El segundo camino para lograr que la ley se convierta en la esencia que guíe el actuar de empresarios y políticos, partidos y policías, por citar algunos ejemplos, es la de estructurar un consenso público entre las principales fuerzas políticas para adoptar la ley como marco de interacción. Los problemas inherentes a lograr un consenso de esta naturaleza son enormes y no el menor de ellos es que existen grupos e intereses potencialmente capaces de hacerlo inoperante. Un consenso para lograr la legalidad tendría que ser parte, pues, de un reacomodo político integral que incluiría la articulación de una nueva coalición para gobernar lo suficientemente fuerte como para vencer cualquier oposición, además de resolver las diferencias entre el gobierno y las estructuras más duras del PRI y promover el apoyo de la población. Sin ello, no se logrará el Estado de derecho ni una plataforma política sólida y fuerte como para hacerlo valer.

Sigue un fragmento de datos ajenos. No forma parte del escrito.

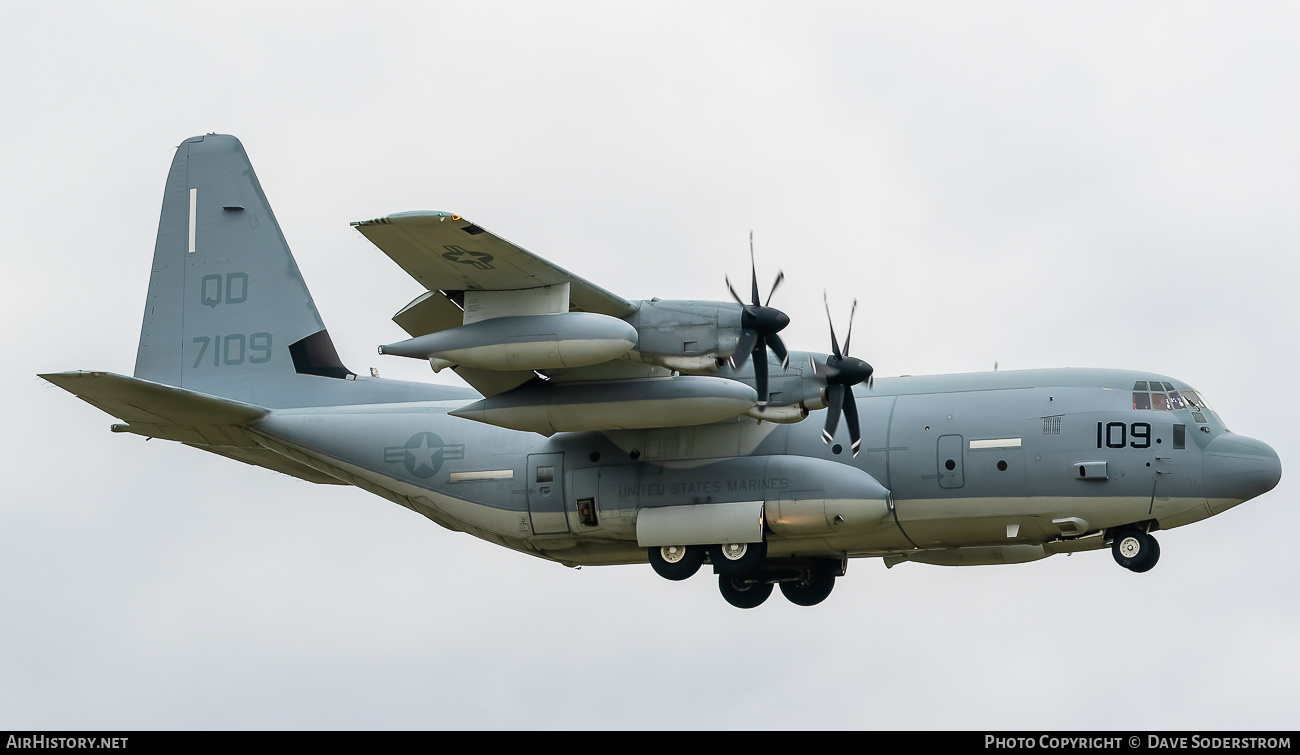 Aircraft Photo of 167109 / 7109 | Lockheed Martin KC-130J Hercules | USA - Marines | AirHistory.net #803226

Antes de lanzar una nueva inquisición, sin embargo, es crítico reconocer la esencia del Estado de derecho y ésta es que la ley es una avenida de dos sentidos. Un gobierno puede inculpar a quien quiera, pero también tiene que probar la acusación y reconocer que el inculpado tiene derechos y que éstos tienen que ser respetados por encima de cualquier cosa. Una de las características elementales de la legalidad es precisamente que el gobierno tiene que poder probar sus acusaciones y que el poder judicial tiene que ser plenamente independiente para ejercer sus facultades. Pretender que un Estado de derecho es una prerrogativa del gobierno es equivalente a seguir bajo un régimen de leyes no escritas. La legalidad es una camisa de fuerza que obliga y confiere derechos a todos: esa es su virtud, pero también por esa razón es tan difícil lograrla.